Matthew Henry’s Bible commentary offers this: When we arise from the death of sin to the life of righteousness, we must leave our grave-clothes behind us, must put off all our corruptions. Christ left those in the grave, as it were, for our use if the grave be a bed to the saints, thus he hath sheeted that bed, and made it ready for them; and the napkin by itself is of use for the mourning survivors to wipe away their tears. The grave-clothes were found in very good order, which serves for an evidence that his body was not stolen away while men slept. Robbers of tombs have been known to take away the clothes and leave the body; but none [prior to the practices of modern resurrectionists] ever took away the body and left the clothes, especially when it was fine linen and new, Mark 15:46. Any one would rather choose to carry a dead body in its clothes than naked. Or, if those that were supposed to have stolen it would have left the grave-clothes behind, yet it cannot be supposed they should find leisure to fold up the linen. The IVP New Testament Commentary offers this: Great attention is given to the grave clothes. The strips of linen (vv. 5-6; othonia) were the covering for the body, whether they consisted of strips, as in the NIV, or a shroud (see comment on 19:40) or both. Since Jesus’ resurrected body was able to appear in a locked room (v. 19), it seems he simply passed through the grave clothes. With the body gone, the clothes were presumably collapsed, though perhaps retaining much of their shape due to the spices. The cloth for Jesus’ head (soudarion) was either a face covering or a cloth tied around Jesus’ face to hold his jaw in place (see comment on 11:44). If the latter, then perhaps John’s description indicates the cloth was lying in place, still in the oval shape it had when around Jesus’ head. Or it could be John means this cloth, however it had been used, was in a separate place, rolled or wrapped up (v. 7, entetyligmenon). Jesus’ body passed through the grave clothes, presumably including the soudarion, so the fact that the soudarion was rolled up suggests Jesus tidied up before leaving! “There were no traces of haste. The deserted tomb bore the marks of perfect calm” (Westcott 1908:2:340). The royal calmness of Jesus throughout his Passion is also hinted at here in his resurrection. 
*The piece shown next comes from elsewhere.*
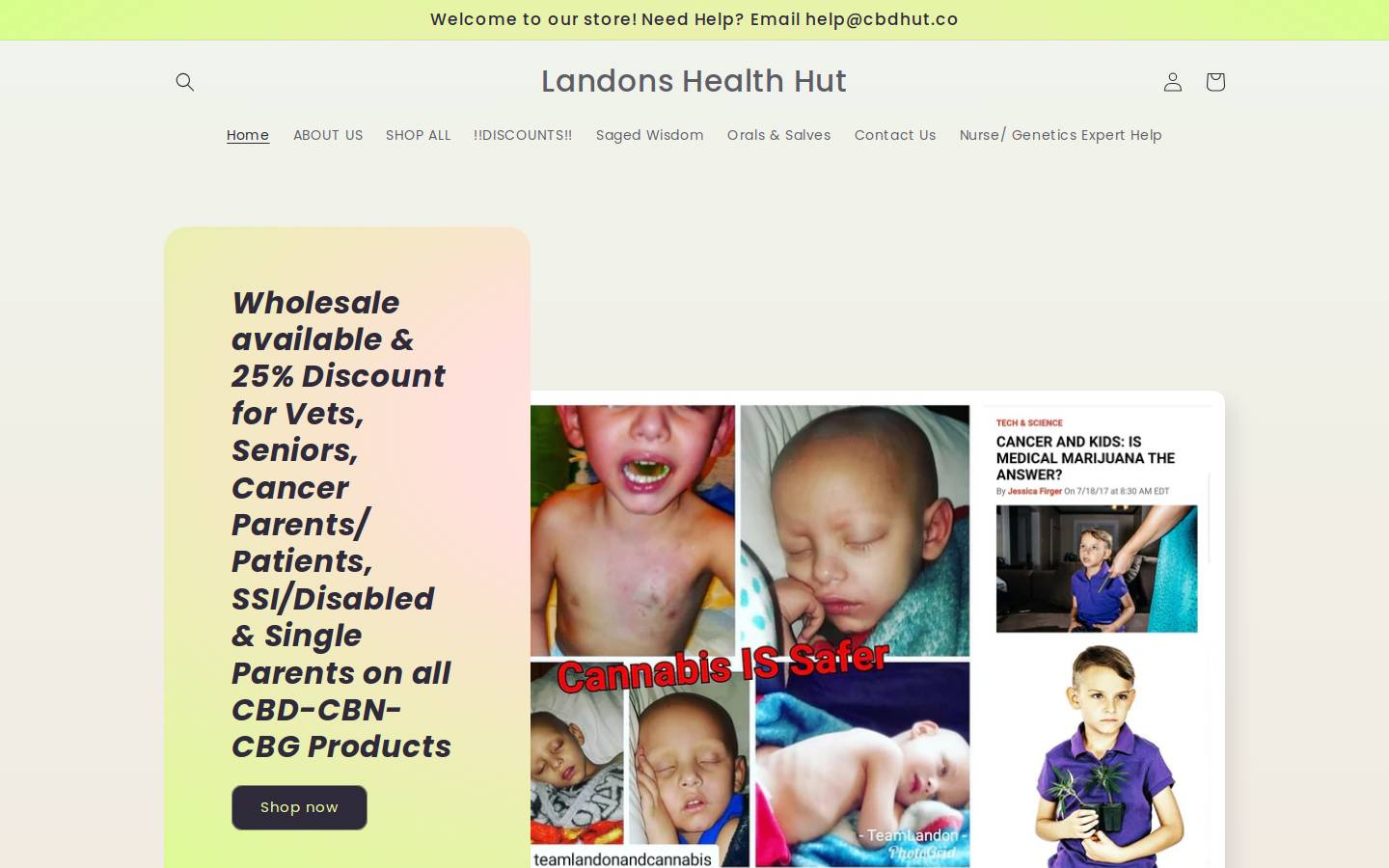 cbdhut.co homepage screenshot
John Wesley offered this comment: Peter seeth the linen clothes lie – and the napkin folded up – The angels who ministered to him when he rose, undoubtedly folded up the napkin and linen clothes. (Remember that some who had come to the tomb reported seeing angels.) 

My observation: Others have commented that, in seeing the folded napkin, John “believed”…… believed the reports of the women? That Jesus had been resurrected miraculously and not stolen? Believed all that Jesus had prophesied about his death and resurrection? …. because the napkin would likely have been missing or simply thrown in a corner if theives had done this. Additionally, we may never know why John felt led to share this particular detail, but the point to take away is that it had significance to John in the moment…….enough that he became immediately aware that something totally new was being done and he became willing to continue to await Jesus’ revelation of himself and his plan. He knew he didn’t have all the information but became convinced that Jesus would show them what was to be done next. And we must have the same kind of faith, even in the face of questions about “why” this or that is the way it is!